O che, prima ancora, sia stato lui a suggerire a  Carlo Azeglio Ciampi e Nino Andreatta, che pure non avevano fama di accogliere con benevolenza i suggerimenti dei subalterni,  l’opportunità, in vista di future provvidenze personali, il divorzio tra Banca d’Italia e Tesoro, che ha prodotto un susseguirsi catastrofico di crimini e misfatti finanziari, tra i quali spicca la frana del Monte dei Paschi con contorno di misteriosi suicidi verificatasi a sua insaputa.  

O che sia stata la lunga formazione delittuosa in Goldman & Sachs anche in veste di promoter di subprime e  fondi tossici, a fargli maturare il progetto criminale di distruzione dei Pigs, perfezionato dall’imposizione degli obblighi del Fiscal Compact votati dai parlamenti nazionali e dell’acquisto forzoso di titoli di stato, culminato nei golpe finanziari in Grecia e Italia.

C’è da dare torto a chi sommessamente si lamenta dell’arrogante indifferenza per le regole democratiche che dimostra nel condurre un giro di consultazione per la formazione del governo senza avere un programma che non sia semplicemente il brogliaccio con la lista della spesa dei leggendari 209 miliardi, se e quando verranno in forma di esosi debiti da risarcire, quando il suo progetto per l’Italia è già esploso nella lettera scritta sotto dettatura dell’impero e a 4 mani con Trichet.

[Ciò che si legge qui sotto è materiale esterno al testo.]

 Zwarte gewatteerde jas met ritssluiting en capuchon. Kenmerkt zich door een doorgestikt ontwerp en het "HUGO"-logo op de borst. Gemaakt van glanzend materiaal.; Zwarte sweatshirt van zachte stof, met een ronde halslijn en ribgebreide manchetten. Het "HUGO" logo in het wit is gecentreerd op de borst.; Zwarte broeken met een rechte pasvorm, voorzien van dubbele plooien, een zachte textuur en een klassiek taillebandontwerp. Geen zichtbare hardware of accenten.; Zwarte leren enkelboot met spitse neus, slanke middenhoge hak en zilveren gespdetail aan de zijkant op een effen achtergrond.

A quelli che avevano paura del sopravvento della parodia dei fascisti, a quelli che si sentono soggiogati ma anche rassicurati dall’incarnazione efficientistica e autoritaria, finalmente!, della tecnocrazia anodina e sganciata dalle mefitiche influenze della politica, sarebbe bene ricordare che l’acme delle crisi sociali, a Roma come a Weimar ci concretizza  quando i fascisti veri in varie gerarchie, sostituiscono lo Stato instaurando  il governo diretto dei poteri economici, occupando le istituzioni, esautorando i parlamenti e ottenendo l’appoggio di partiti e rappresentanze invischiate e interessato solo al mantenimento della loro rendite e posizioni.

Pare proprio che nell’inferno che hanno allestito per noi, non siamo meritevole nemmeno di Satana, ma tutt’al più di diavolacci che mantengono l’ordine con il forcone.